### Dataset extract

────

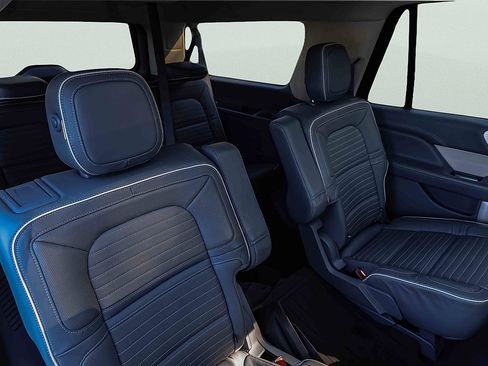Used 2020 Lincoln Navigator L Black Label w/ Cargo Convenience Package AWD/4WD image 24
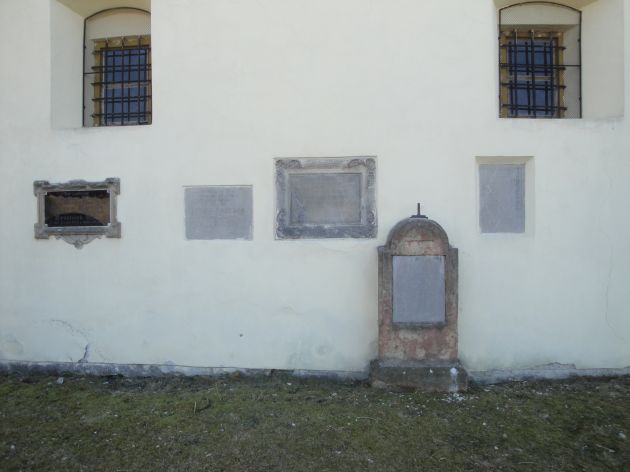 Náhrobky v areálu kostela
Autor MIC Sušice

────

### Exercise requirements
The whole listing above must be duplicated word for word, apart from its pictures.

### Exercise result
Used 2020 Lincoln Navigator L Black Label w/ Cargo Convenience Package AWD/4WD image 24
 Náhrobky v areálu kostela
Autor MIC Sušice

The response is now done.